Le rappresentazioni dell'inoshishi nell'arte giapponese sono numerose: qui vediamo un manico di kozuka, il coltellino di servizio che sovente accompagna la spada del samurai, inserito in un alloggiamento nella parte ura del fodero.

E' di epoca imprecisata probabilmente a cavallo tra Meiji e Showa ossia intorno al 1900. E'  firmato Mototsuna forse in onore di Goto Mototsuna, capostipite di una nota dinastia di artefici di mitokoromono, questo genere di fornimenti per lame.


 

Il capo degli spiriti cinghiale è il saggio e vecchio Okkoto nushi, anche lui perseguitato da una maledizione, che gli farà perdere presto la vista. Del resto, come ricorda Moro, che sente gli effetti nel suo corpo della velenosa pallottola esplosagli contro da Eboshi durante l'assalto alla carovana, le loro razze sono destinate a scomparire. E' inutile cercare di identificare colpe e cercare vendette, i cinghiali tornino alle loro lotte e lascino che in quella foresta lottino i lupi.

Ashitaka, per quanto debole, si è reso conto di quanto sta succedendo e avverte il bisogno di dichiarare la propria responsabilità: è lui che si è trovato costretto ad uccidere Nago, ma sta già pagando con la maledizione che ne piaga il corpo.

Okkoto nushi apprezza il coraggio del giovane, ma pur riconoscendo che anche per un umano si possa avere rispetto, non rinuncia ai suoi propositi: anche se il suo popolo è destinato alla sconfitta, non l'attenderà inerme. Ciò detto, si allontana.

E' nel frattempo ricomparso Jiko, il misterioso monaco, e apprendiamo finalmente che viaggia sotto mentite spoglie.
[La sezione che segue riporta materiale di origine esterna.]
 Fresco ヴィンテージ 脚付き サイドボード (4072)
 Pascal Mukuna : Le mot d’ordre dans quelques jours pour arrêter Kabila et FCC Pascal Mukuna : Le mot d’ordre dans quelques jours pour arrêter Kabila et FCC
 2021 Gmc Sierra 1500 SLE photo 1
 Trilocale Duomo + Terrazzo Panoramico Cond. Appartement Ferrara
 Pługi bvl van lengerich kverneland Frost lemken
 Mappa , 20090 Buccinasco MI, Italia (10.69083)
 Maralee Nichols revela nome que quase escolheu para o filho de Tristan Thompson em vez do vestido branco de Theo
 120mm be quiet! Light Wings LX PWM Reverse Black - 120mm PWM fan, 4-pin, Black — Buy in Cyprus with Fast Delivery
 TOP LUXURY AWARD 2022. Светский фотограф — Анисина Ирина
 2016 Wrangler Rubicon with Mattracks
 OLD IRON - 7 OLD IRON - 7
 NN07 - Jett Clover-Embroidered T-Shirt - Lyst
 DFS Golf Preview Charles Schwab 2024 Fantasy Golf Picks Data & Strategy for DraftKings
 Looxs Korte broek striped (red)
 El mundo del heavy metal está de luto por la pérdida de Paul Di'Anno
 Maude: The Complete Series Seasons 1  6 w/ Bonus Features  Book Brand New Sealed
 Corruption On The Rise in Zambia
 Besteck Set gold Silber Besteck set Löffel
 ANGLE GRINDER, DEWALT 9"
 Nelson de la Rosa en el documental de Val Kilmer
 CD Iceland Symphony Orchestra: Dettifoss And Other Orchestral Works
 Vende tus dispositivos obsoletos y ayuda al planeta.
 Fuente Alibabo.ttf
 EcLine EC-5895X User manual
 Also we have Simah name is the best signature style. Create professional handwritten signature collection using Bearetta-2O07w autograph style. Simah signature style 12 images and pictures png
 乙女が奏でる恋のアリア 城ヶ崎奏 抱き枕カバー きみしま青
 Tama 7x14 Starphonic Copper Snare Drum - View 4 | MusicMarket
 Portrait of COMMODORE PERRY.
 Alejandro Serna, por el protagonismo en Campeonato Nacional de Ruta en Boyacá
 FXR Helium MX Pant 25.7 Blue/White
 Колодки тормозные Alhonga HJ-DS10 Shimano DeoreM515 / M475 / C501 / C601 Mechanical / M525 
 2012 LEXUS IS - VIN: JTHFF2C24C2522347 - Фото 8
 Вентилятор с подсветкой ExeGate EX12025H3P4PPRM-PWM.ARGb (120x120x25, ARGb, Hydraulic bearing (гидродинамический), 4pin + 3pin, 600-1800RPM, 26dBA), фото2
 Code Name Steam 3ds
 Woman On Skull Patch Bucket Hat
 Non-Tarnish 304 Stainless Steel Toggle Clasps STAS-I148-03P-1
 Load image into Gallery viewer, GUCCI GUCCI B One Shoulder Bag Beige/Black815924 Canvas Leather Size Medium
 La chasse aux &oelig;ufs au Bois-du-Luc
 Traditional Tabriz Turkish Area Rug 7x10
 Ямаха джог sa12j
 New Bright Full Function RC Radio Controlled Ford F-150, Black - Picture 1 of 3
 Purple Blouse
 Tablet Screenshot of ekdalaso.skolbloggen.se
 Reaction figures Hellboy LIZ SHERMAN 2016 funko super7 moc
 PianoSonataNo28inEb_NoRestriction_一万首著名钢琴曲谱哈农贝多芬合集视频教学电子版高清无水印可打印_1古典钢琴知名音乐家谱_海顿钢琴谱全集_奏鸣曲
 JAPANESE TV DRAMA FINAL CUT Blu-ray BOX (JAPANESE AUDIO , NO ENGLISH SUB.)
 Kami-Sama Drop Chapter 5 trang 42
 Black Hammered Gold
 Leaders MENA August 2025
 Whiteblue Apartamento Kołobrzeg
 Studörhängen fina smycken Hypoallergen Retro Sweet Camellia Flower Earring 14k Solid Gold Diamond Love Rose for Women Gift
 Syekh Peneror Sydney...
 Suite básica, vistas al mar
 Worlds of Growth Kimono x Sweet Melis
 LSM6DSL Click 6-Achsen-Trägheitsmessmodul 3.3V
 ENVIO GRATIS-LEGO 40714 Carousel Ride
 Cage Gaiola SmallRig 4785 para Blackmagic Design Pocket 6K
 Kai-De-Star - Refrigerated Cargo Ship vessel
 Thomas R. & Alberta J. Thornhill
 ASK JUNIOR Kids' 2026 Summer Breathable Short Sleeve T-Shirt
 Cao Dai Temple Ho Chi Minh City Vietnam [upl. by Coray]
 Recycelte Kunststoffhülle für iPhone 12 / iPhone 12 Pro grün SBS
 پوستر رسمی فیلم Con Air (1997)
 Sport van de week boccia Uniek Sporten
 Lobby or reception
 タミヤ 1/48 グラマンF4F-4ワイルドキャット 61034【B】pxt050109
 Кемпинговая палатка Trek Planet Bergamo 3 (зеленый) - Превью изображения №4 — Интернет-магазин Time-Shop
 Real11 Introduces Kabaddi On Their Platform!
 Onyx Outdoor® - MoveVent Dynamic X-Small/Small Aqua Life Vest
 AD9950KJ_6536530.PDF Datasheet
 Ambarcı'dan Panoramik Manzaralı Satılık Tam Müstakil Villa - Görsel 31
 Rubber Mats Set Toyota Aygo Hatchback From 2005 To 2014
E' in realtà un agente segreto dell'imperatore, mostra con orgoglio ai suoi seguaci la lettera di accredito. Per incarico del Mikado si trova nella foresta, a capo di un gruppo di cacciatori ed esploratori che si cela sotto le pelli di animali selvaggi, per osservare quanto vi accade.

Ha assistito alla apparizione del daidarabochi, ed è al corrente della sua quotidiana trasformazione nel dio cervo.

 

 

 

L'esercito di Asano aveva intanto tentato per l'ennesima volta di prendere d'assalto Tatara ba.

Come sempre Eboshi combatte di persona a capo delle sue truppe raccogliticce, che però sono forti della posizione, delle armi da fuoco e di una indomabile volontà di resistenza.

E questa volta di una arma in più: la partecipazione delle donne alla battaglia, resa possibile dalla introduzione dei nuovi ishibiya.

 

 

 

 

 

Ritornato a Tatara ba, Jiko mette al corrente Eboshi delle sue vere intenzioni: ha ordine di uccidere il dio cervo e portare la sua testa, che dona l'immortalità, all'imperatore.

Eboshi ride amaramente: non aveva dubbi che gli aiuti ed i consigii datigli da Jiko avessero un secondo fine. Ma si rende conto di non avere scelta: per la sopravvivenza del suo popolo deve lottare a fianco degli inviati dell'imperatore. Del resto i loro piani coincidono: distruggere gli dei. Che sia per carpirne i segreti o per far sopravvivere gli umani, poco importa.

Dopo aver debellato la resistenza degli spiriti della foresta darà la caccia al dio cervo per ucciderlo.